3.3. Spatial Characteristics of the Corrosion Distribution
We employed distributed optical fiber sensing technology to achieve high-resolution, full-coverage, and dynamic monitoring of the corrosion process of steel pipes in a tidal marine zone environment. Quantitative analysis focused on Specimen 4, which exhibited most significant corrosion. Four sequential mass loss heatmaps (
Figure 10) captured the spatiotemporal evolution of corrosion, demonstrating progressive localized degradation. The heatmap was generated by processing strain data collected from distributed optical fiber sensors helically wrapped around the steel pipe’s outer surface. Each helical loop of the fiber contains approximately 500 sensing points, with the spatial distribution allowing each loop’s data to correspond to a row in the heatmap. Micro-strain values from these sensing points were input into the corrosion mass loss model (Equations (8) and (9)) to calculate the localized corrosion-induced mass loss at each position, thereby constructing a two-dimensional distribution of non-uniform corrosion across the pipe surface. The computed mass loss data in matrix format were visualized using a contour map in Origin software, where the color scale explicitly represents corrosion mass loss values in grams (g).
In the initial stage (
Figure 10a), the heatmap predominantly appears deep blue, indicating that corrosion has not yet occurred extensively. Only slight strain fluctuations can be observed in isolated regions, which may correspond to the emergence of early micro-corrosion points. As time progresses (
Figure 10b), these initial corrosion points gradually expand and propagate along the axial direction of the fiber, forming continuous light-blue band-like areas. Some regions show orange high-strain zones, suggesting the intensification of local corrosion and the initial stages of corrosion spreading. In the middle to later stages (
Figure 10c), the corrosion area further extends toward the upper half of the steel pipe, with increased light-green and orange regions, indicating that environmental factors are impacting a broader area and the corrosion severity is deepening. During this phase, the periodic immersion and exposure caused by tidal effects likely enhanced the accumulation of corrosive agents in seawater, accelerating corrosion development. In the final stage (
Figure 10d), the heatmap shows several originally discrete high-strain corrosion zones merging, forming a continuous distribution of green to orange-red corrosion bands. Some areas appear red, with significant mass loss peaks, reflecting severe localized corrosion. These high-corrosion zones are concentrated in regions with substantial material loss, indicating that these areas, long exposed to the cyclic “dry–wet–oxygen–salt” conditions, are high-sensitivity zones for corrosion development.

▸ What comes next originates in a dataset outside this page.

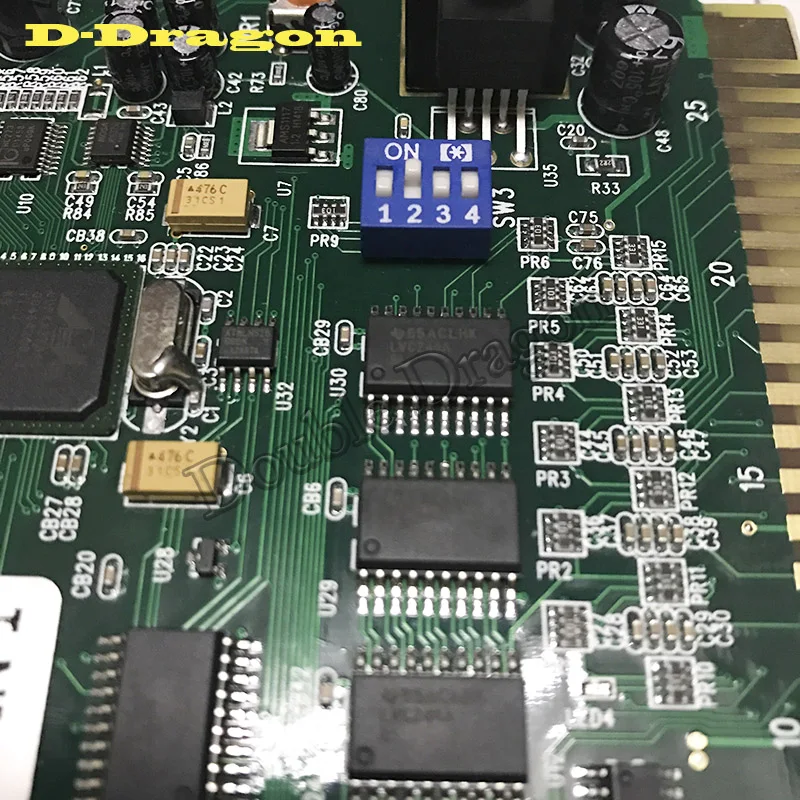 CGA/VGA 19 в 1 классическая горизонтальная игровая коллекция Jamma Bubbles/Blaster/Marios Bros/ Splat/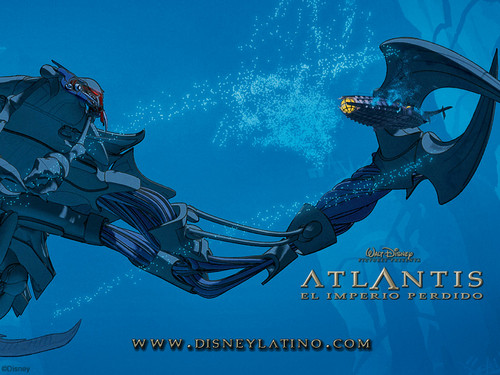  Atlantis The Lost Empire پیپر وال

Figure 11 shows the appearance of the steel pipe after removing the anti-corrosion protective cover layer and peeling off the anti-corrosion tape layer. Anti-corrosion paste was visible on the steel pipe surfaces in the first and second specimens except at the damaged location in the second specimen. The thickness of the anti-corrosion paste was nearly identical in the first and second specimens but reduced significantly in the third specimen. Severe corrosion was observed across the surface of the fourth specimen. These observations align with the strain measurement results obtained from the optical fiber sensors.